⟨
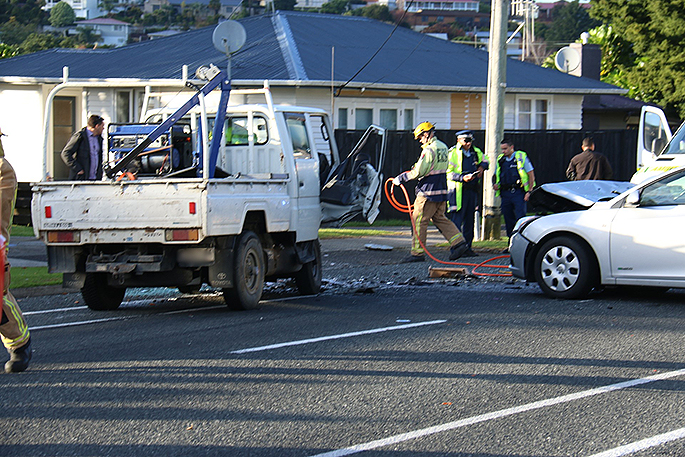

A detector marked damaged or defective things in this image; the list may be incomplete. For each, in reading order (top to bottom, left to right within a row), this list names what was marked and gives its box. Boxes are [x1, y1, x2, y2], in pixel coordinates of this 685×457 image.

damaged white car [508, 167, 685, 300]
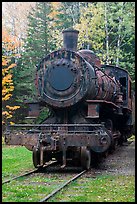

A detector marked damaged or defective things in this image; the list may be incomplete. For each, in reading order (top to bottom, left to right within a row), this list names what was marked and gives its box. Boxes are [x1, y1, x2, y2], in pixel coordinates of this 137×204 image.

rusty locomotive [4, 28, 134, 169]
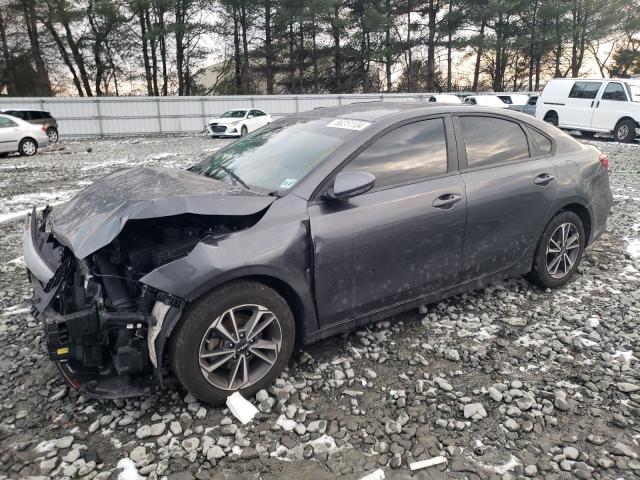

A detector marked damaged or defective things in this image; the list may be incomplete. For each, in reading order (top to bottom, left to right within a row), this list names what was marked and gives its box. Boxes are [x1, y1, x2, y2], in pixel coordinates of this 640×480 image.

crushed front end [24, 206, 195, 398]
crumpled hood [52, 166, 276, 258]
damaged kia forte [25, 103, 612, 404]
⟩
Each line from the one containing "this 640×480 image." through the end of the material should be restated word for word; leave out every line before it.

A detector marked damaged or defective things in this image; the list may be incomplete. For each, in reading order (top to bottom, left to right within a row), this list names what was marked and gives its box. Boxes are [x1, y1, x2, y2], in pixel coordinates of this 640×480 image.

crushed front end [24, 206, 195, 398]
crumpled hood [52, 166, 276, 258]
damaged kia forte [25, 103, 612, 404]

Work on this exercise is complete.